BTP Awards: Actors and Actresses


I continue the Ben’s Talking Pictures 2012 awards with my choices for the best Actors and Actresses.  This was a great year for both categories, with many towering performances on both lists.

Actress

Jessica Chastain, Zero Dark Thirty
After breaking out in a huge way in 2011 (The Help, Tree of Life, Take Shelter), Chastain gets another juicy role as Maya in Zero Dark Thirty.  Since the script gives Maya little outward emotional heft to work with, Chastain has to so often give us this character’s inner life through only her eyes, her body, and her tone of voice.  With such a diversity of great performances so quickly, Chastain is the new Meryl Streep.  
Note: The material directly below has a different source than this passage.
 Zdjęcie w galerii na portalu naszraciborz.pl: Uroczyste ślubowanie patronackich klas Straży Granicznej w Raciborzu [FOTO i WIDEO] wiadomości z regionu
Cecile de France, The Kid With a Bike
How often do we reward performances of everyday goodness on screen? Cecile de France plays Samantha, a hairdresser who ends up caring for the very troubled Cyril in this profoundly quiet and beautiful Belgian movie (look for it on my Top 10).  She creates a vivid depiction of a regular woman who quietly and confidently does a remarkable thing, and its incredibly moving.
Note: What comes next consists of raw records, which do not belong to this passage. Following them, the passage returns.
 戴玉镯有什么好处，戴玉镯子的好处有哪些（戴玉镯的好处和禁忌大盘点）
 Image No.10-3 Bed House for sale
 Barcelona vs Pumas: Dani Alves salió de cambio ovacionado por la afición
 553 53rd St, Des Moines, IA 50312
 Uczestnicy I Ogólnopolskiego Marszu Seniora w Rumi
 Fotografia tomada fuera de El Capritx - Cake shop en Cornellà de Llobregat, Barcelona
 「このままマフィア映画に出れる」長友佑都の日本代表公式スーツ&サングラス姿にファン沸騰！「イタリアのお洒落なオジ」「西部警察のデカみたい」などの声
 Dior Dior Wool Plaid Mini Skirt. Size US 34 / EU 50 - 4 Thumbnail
Jennifer Lawrence, Silver Linings Playbook
A true knock-out movie star performance.  Can anyone believe Lawrence is only 22? As Tiffany, a troubled woman falling in love with the bipolar Pat, Tiffany brings equal doses of emotional pain and screwball zaniness to her very real depiction that rivals her amazing performance in 2010’s Winter’s Bone.  If Lawrence keeps her grounding and continues to make such great career choices, she has a huge career ahead of her.


Emmanuelle Riva, Amour
I have almost no words to describe the emotional impact of Riva’s performance as Anne, a woman dealing with a quick descent towards the grave.  Riva has to make intense physical and mental changes between scenes, and there is not a second in the film that isn’t believable and searing.  A work of art.


Michelle Williams, Take This Waltz
Margot, Michelle Williams’ character in Take This Waltz, makes many choices that the viewer will inevitably question and disagree with.  It’s a testament to Williams’ immense talent, then, that I was with Margot on her journey every step of the way.  As a young married woman testing a flirtation with a neighbor, Williams does her typical stellar work.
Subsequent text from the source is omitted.